Superbaby is now 6 1/2 months old. Man time is flyin! It seems once he hit that 6 month mark so many things changed. His hair started growing, he rolls around like a madman, he's an eatin' fool and just growing up fast. He fits most of his 6-9 months clothes now, with some of the pants being a bit long, but tops fit perfectly.
He is almost sitting up on his own, he still needs our hands on his back, but he's almost got it. He is trying to crawl when on his tummy, but still not moving much, its close though I know it.
While our friends were visiting from the US we went to Dahab and Sharm El Sheikh. Superbaby did good, a long, very long car ride but he really good. Slept alot, fussed some but overall good. We laughed and said he probably thought the car was our new home as we were in it so much.

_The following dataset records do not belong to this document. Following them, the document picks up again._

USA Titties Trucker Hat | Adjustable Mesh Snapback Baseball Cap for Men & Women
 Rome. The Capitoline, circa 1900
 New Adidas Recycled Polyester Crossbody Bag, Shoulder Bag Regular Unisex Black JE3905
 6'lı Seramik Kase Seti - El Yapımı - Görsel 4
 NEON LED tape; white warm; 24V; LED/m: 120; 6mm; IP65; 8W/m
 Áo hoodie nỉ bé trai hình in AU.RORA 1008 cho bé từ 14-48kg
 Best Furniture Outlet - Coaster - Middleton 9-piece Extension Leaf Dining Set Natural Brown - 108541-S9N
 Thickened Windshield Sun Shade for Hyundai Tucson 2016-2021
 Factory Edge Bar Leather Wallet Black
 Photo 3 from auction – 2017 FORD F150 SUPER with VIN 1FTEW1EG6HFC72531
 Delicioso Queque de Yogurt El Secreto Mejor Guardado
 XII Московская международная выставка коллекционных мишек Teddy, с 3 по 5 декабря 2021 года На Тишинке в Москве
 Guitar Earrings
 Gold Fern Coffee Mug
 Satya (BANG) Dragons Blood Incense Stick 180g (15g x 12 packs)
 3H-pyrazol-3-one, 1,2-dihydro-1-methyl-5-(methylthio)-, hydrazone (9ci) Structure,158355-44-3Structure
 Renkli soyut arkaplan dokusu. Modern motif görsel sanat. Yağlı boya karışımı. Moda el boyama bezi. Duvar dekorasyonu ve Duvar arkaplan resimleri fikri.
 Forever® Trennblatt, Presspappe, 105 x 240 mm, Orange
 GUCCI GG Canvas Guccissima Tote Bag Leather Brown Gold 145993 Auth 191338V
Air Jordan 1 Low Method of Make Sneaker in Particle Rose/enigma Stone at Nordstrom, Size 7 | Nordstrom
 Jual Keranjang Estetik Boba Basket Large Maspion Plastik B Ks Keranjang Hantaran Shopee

When we left Dahab it was on a Friday about 6am. We ended up in Alexandria the same night at 9pm. We drove from the Red Sea to the Mediterranean in a day. We went from Dahab to St. Catherines Monestary, to Suez, to Port Said, to Damietta to Alexandria and a few other little towns along the way. It was a great road trip and our friends enjoyed it so much.
Super S said Superbaby wants to take me to Alexandria tomorrow for Mother's Day. We'll leave early, as its about a 3 hour drive, spend the day there, have dinner and maybe drive back home. Or maybe stay over night too, we'll see.
I suck at blogging now, I know. Superbaby occupies every second and I love it! We hold him waaay too much, by choice, and try to keep him busy and occupied all the time. He is napping now so I thought I'd post this lame update.
Enjoy your day, Mother or not, I know its tough and I feel you. I will never forget. Remember I am still infertile and always be.